Core Language Features
Pattern Matching
GQL’s most powerful feature is declarative pattern matching using visual graph patterns:
-- Match pattern: nodes and relationships
MATCH (p:Person)-[:KNOWS]->(friend:Person)
WHERE p.name = 'Alice'
RETURN friend.name;
-- Multi-hop patterns
MATCH (a:Person)-[:KNOWS*2..4]->(distant)

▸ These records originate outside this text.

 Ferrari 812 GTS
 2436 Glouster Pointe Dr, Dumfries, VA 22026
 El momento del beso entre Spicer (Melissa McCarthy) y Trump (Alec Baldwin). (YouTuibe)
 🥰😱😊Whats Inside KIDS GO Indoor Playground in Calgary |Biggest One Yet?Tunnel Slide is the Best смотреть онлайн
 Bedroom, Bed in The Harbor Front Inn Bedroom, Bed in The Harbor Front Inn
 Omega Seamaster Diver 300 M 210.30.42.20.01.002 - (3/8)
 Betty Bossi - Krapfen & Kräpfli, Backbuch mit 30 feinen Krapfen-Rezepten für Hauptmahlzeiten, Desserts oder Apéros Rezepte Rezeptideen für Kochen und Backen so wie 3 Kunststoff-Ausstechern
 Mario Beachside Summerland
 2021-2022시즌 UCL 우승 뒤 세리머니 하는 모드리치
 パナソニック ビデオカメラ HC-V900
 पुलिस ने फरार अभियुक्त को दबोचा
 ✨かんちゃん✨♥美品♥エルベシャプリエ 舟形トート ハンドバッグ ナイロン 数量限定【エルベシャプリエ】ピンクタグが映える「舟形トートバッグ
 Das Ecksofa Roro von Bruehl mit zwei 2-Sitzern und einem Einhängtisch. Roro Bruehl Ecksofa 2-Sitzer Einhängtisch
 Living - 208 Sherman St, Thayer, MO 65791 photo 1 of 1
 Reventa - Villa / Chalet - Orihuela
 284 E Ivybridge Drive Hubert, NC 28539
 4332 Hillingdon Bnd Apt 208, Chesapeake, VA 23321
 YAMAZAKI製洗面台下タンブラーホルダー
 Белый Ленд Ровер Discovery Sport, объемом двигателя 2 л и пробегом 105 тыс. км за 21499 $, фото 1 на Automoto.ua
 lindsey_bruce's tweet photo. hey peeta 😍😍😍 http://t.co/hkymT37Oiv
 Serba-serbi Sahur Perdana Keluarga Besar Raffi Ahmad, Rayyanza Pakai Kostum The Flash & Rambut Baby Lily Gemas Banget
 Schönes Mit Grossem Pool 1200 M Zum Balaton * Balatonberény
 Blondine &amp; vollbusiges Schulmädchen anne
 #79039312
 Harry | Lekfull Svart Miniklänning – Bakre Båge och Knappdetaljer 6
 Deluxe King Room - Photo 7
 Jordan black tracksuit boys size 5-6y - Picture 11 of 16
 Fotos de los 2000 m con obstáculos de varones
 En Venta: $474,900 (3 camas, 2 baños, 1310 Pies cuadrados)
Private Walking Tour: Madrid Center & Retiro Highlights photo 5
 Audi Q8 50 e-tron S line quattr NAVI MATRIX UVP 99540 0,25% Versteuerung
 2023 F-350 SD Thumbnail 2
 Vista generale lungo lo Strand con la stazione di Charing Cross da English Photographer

WHERE a.city = 'San Francisco'
RETURN distant.name, distant.city;
-- Complex patterns with multiple relationships
MATCH (author:Person)-[:WROTE]->(paper:Paper)-[:CITES]->(cited:Paper)
WHERE paper.year >= 2020
RETURN author.name, count(cited) AS citation_count
ORDER BY citation_count DESC;
Path Queries
Standard path operations for finding routes through graphs:
-- Shortest path
MATCH path = SHORTEST (a:Person {name: 'Alice'})
-[:KNOWS*]->
(b:Person {name: 'Bob'})
RETURN path, length(path) AS hops;
-- All shortest paths
MATCH paths = ALL SHORTEST (a:City {name: 'NYC'})
-[:FLIGHT*]->
(b:City {name: 'LAX'})
RETURN paths,
reduce(cost = 0, r IN relationships(paths) | cost + r.price) AS total_cost;
-- K shortest paths
MATCH paths = K SHORTEST 5 (a:Location)-[:ROUTE*]->(b:Location)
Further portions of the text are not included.